REQUIREMENT: Look through the material that follows and show every line with the string "shirt".

DATA RECORDS:
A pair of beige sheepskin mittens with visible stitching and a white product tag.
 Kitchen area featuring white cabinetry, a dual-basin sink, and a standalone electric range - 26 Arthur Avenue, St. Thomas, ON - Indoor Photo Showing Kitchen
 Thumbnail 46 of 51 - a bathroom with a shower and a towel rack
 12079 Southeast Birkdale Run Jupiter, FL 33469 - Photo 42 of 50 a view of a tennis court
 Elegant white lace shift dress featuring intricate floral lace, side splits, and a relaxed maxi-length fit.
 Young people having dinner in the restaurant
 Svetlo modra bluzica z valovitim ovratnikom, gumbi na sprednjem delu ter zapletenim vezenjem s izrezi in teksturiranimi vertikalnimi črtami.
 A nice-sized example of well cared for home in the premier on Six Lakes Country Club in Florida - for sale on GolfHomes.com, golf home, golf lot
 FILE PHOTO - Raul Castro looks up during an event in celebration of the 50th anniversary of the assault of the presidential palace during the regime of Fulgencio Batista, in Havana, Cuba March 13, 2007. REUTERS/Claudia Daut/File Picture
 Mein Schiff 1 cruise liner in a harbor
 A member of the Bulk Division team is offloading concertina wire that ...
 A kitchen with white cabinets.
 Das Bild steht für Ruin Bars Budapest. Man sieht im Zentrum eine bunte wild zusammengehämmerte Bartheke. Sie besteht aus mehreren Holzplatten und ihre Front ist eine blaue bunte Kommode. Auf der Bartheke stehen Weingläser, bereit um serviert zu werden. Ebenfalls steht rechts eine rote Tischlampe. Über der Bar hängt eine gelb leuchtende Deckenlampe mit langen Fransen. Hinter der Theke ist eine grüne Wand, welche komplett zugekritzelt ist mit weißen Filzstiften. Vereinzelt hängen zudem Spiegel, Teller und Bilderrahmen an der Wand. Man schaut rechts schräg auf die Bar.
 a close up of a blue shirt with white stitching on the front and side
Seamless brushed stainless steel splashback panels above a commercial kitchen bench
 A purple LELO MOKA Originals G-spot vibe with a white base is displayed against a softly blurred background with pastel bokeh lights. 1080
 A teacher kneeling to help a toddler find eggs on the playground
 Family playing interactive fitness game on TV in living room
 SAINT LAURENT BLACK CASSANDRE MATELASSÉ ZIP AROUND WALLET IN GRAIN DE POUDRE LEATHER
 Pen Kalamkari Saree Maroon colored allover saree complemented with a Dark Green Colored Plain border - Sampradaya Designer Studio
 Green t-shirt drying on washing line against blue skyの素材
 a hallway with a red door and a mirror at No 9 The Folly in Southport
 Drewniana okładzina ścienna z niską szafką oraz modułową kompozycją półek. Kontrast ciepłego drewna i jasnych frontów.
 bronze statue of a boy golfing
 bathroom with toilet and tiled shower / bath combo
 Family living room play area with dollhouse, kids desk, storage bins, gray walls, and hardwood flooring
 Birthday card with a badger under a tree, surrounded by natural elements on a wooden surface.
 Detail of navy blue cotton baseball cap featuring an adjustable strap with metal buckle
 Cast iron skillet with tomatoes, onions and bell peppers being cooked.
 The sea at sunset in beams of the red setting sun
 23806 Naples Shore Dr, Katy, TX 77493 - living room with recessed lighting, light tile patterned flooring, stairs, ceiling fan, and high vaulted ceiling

ANSWER SPACE:
 a close up of a blue shirt with white stitching on the front and side
 Green t-shirt drying on washing line against blue skyの素材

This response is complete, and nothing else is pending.